▶ **Exercise goal**
When you copy the listing, skip the images and return each line verbatim.

▶ **Data for processing**
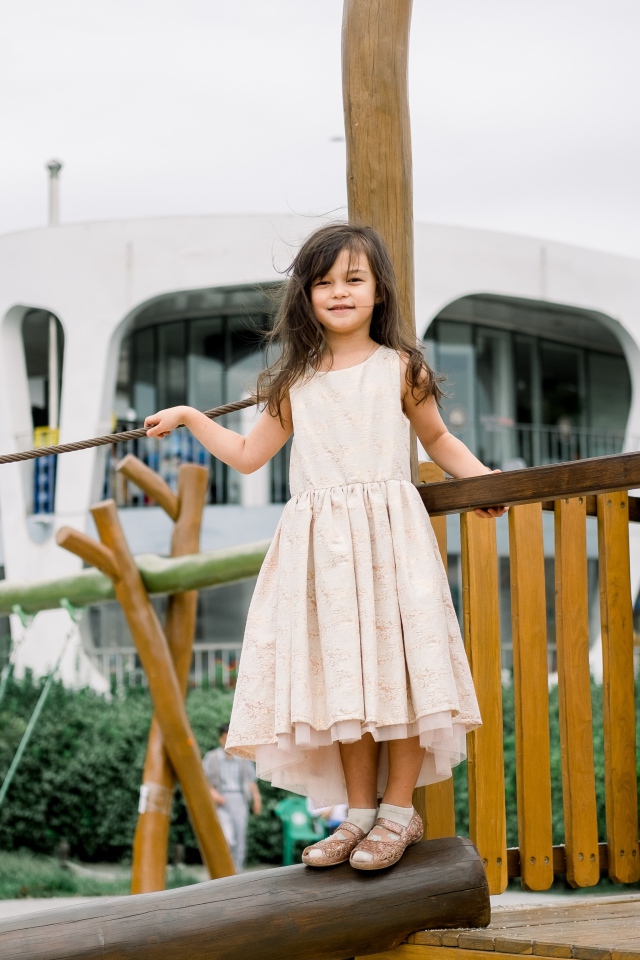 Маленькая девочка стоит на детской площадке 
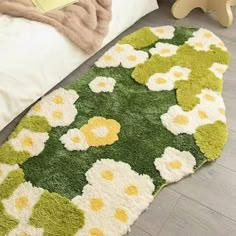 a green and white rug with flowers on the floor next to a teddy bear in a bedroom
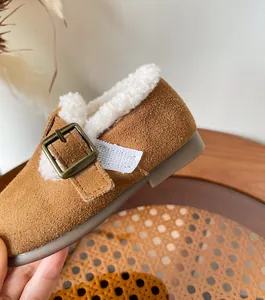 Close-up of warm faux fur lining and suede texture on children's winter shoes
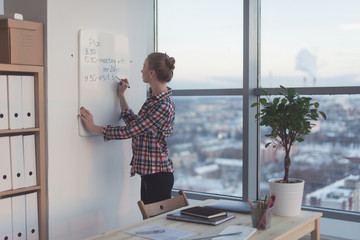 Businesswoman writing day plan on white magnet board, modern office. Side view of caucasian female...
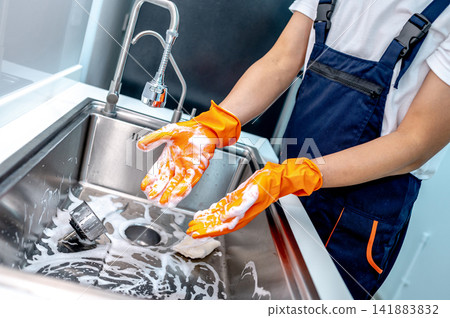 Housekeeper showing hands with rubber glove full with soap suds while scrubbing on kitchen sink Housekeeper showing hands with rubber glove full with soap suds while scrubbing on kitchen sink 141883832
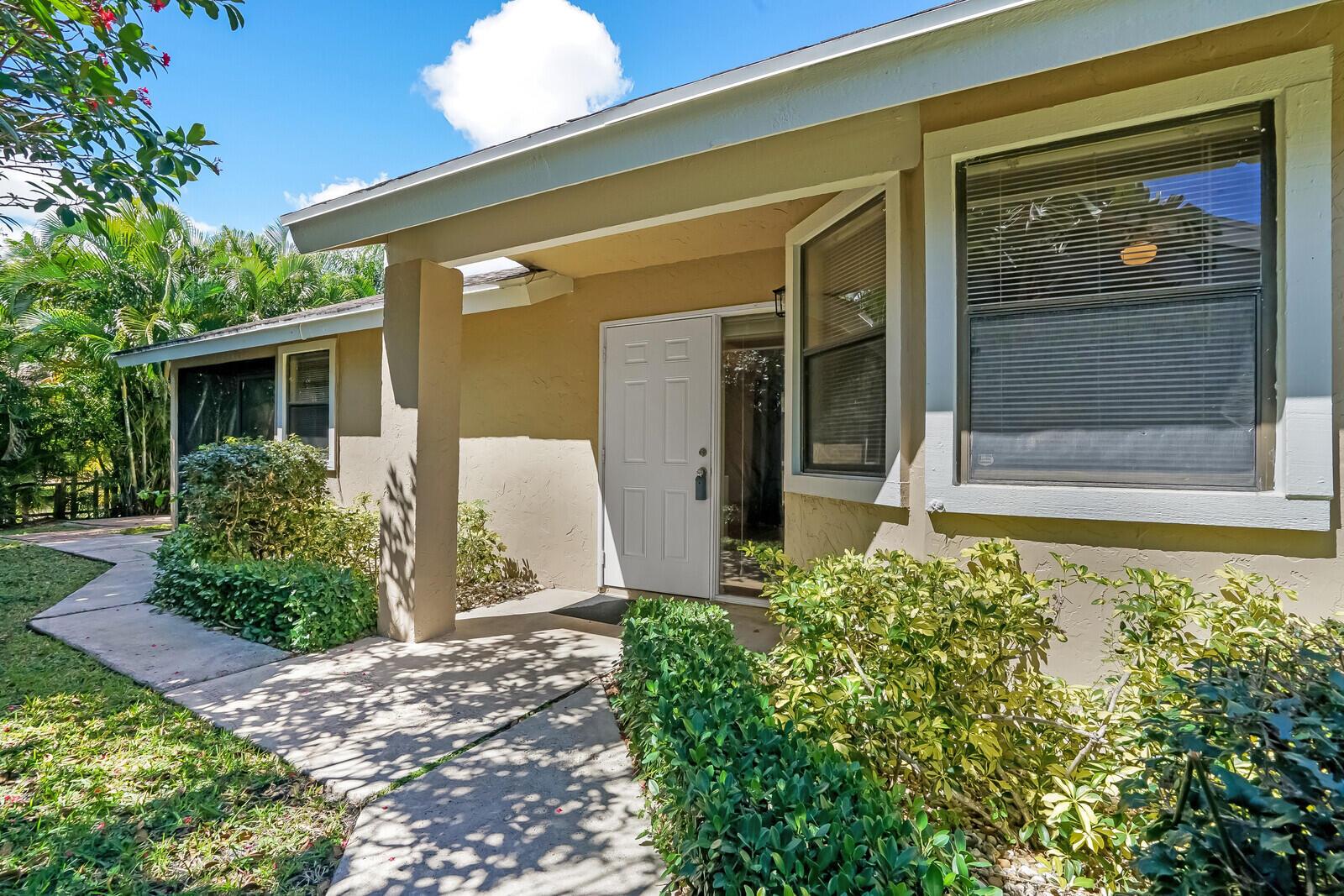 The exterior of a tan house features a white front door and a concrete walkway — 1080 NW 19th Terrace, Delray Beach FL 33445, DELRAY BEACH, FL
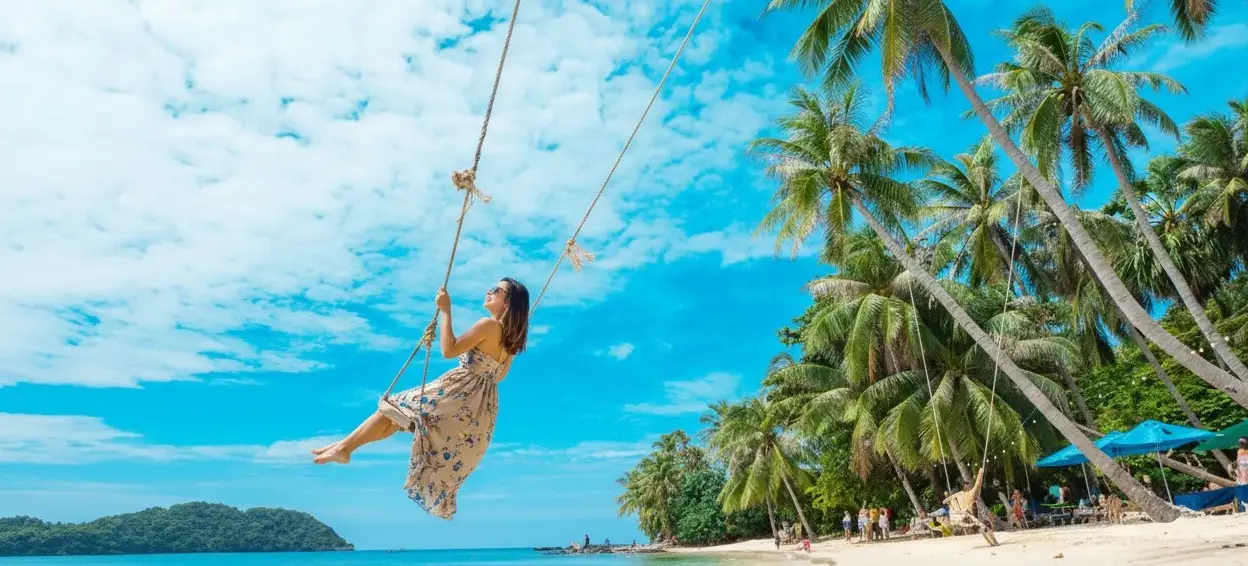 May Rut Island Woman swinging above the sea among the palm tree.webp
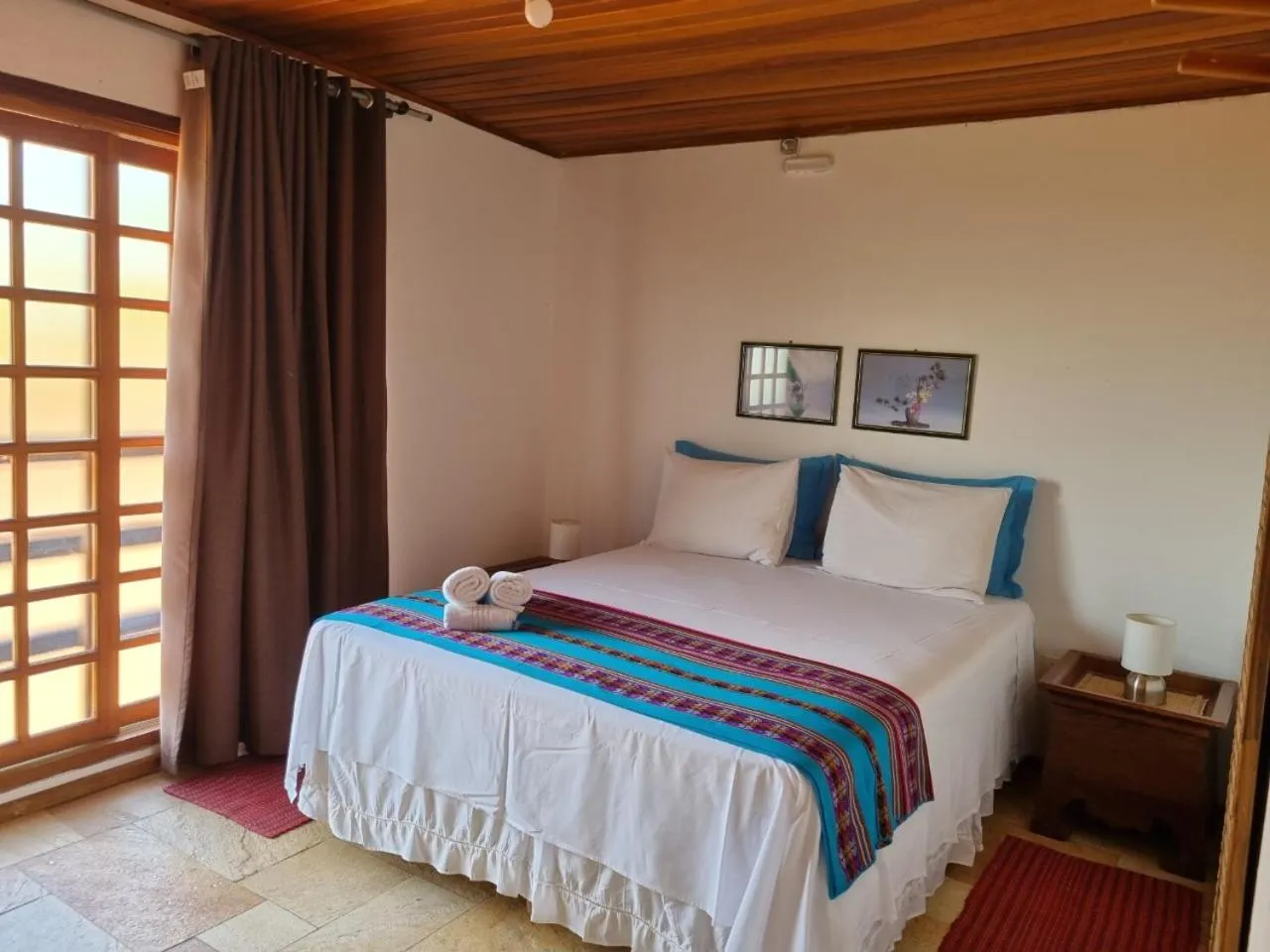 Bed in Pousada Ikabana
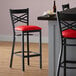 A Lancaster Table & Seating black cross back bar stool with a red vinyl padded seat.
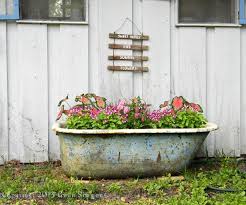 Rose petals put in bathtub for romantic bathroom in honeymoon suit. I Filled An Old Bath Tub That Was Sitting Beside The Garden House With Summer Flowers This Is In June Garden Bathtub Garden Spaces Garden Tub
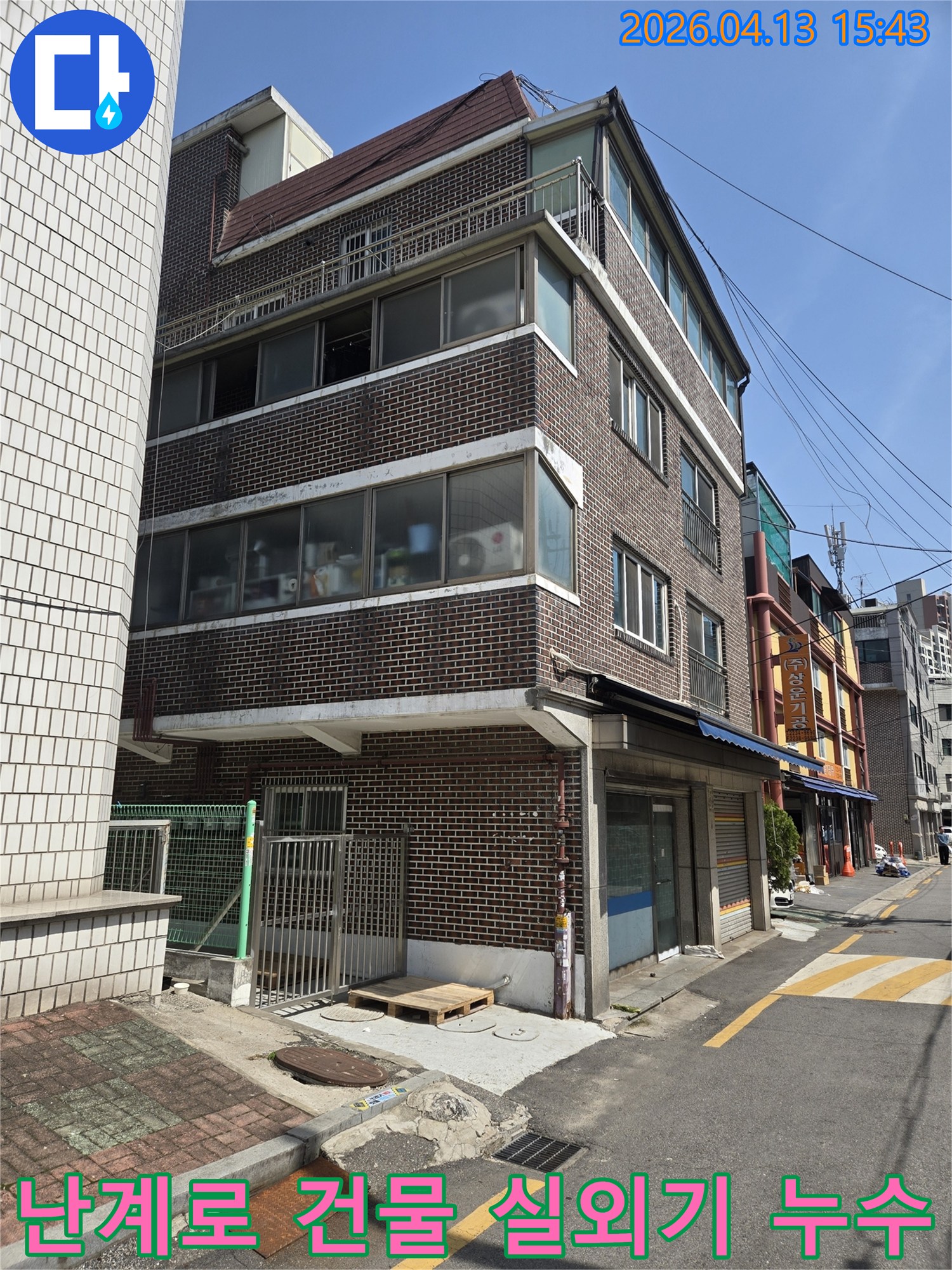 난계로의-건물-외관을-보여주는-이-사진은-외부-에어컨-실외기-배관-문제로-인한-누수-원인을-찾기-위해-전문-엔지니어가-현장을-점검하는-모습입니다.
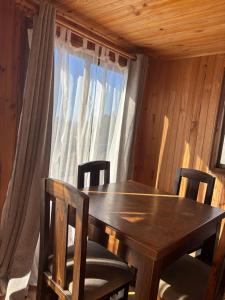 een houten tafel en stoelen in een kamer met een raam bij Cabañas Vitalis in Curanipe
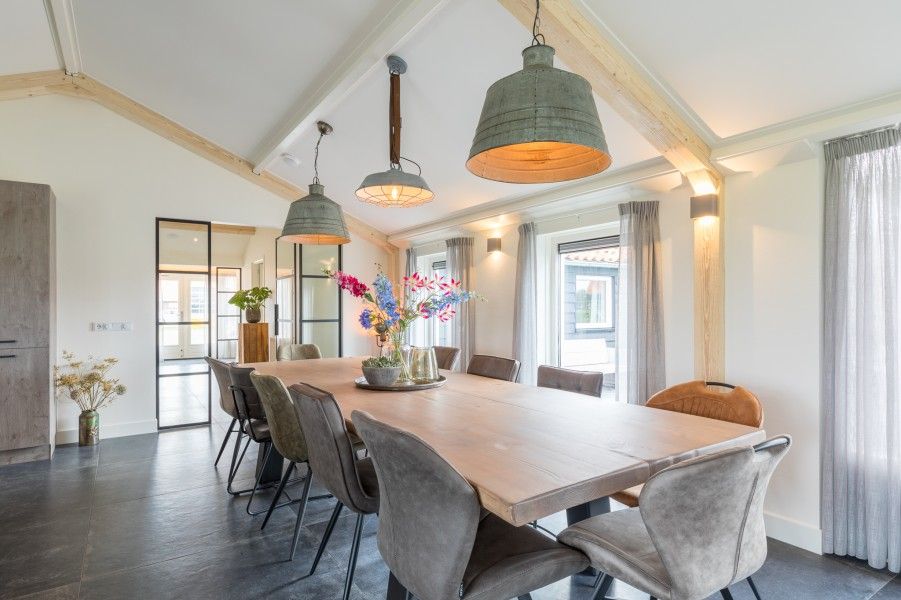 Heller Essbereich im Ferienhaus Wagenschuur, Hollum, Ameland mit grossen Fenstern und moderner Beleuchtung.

▶ **Finished task**
 Маленькая девочка стоит на детской площадке 
 a green and white rug with flowers on the floor next to a teddy bear in a bedroom
 Close-up of warm faux fur lining and suede texture on children's winter shoes
 Businesswoman writing day plan on white magnet board, modern office. Side view of caucasian female...
 Housekeeper showing hands with rubber glove full with soap suds while scrubbing on kitchen sink Housekeeper showing hands with rubber glove full with soap suds while scrubbing on kitchen sink 141883832
 The exterior of a tan house features a white front door and a concrete walkway — 1080 NW 19th Terrace, Delray Beach FL 33445, DELRAY BEACH, FL
 May Rut Island Woman swinging above the sea among the palm tree.webp
 Bed in Pousada Ikabana
 A Lancaster Table & Seating black cross back bar stool with a red vinyl padded seat.
 Rose petals put in bathtub for romantic bathroom in honeymoon suit. I Filled An Old Bath Tub That Was Sitting Beside The Garden House With Summer Flowers This Is In June Garden Bathtub Garden Spaces Garden Tub
 난계로의-건물-외관을-보여주는-이-사진은-외부-에어컨-실외기-배관-문제로-인한-누수-원인을-찾기-위해-전문-엔지니어가-현장을-점검하는-모습입니다.
 een houten tafel en stoelen in een kamer met een raam bij Cabañas Vitalis in Curanipe
 Heller Essbereich im Ferienhaus Wagenschuur, Hollum, Ameland mit grossen Fenstern und moderner Beleuchtung.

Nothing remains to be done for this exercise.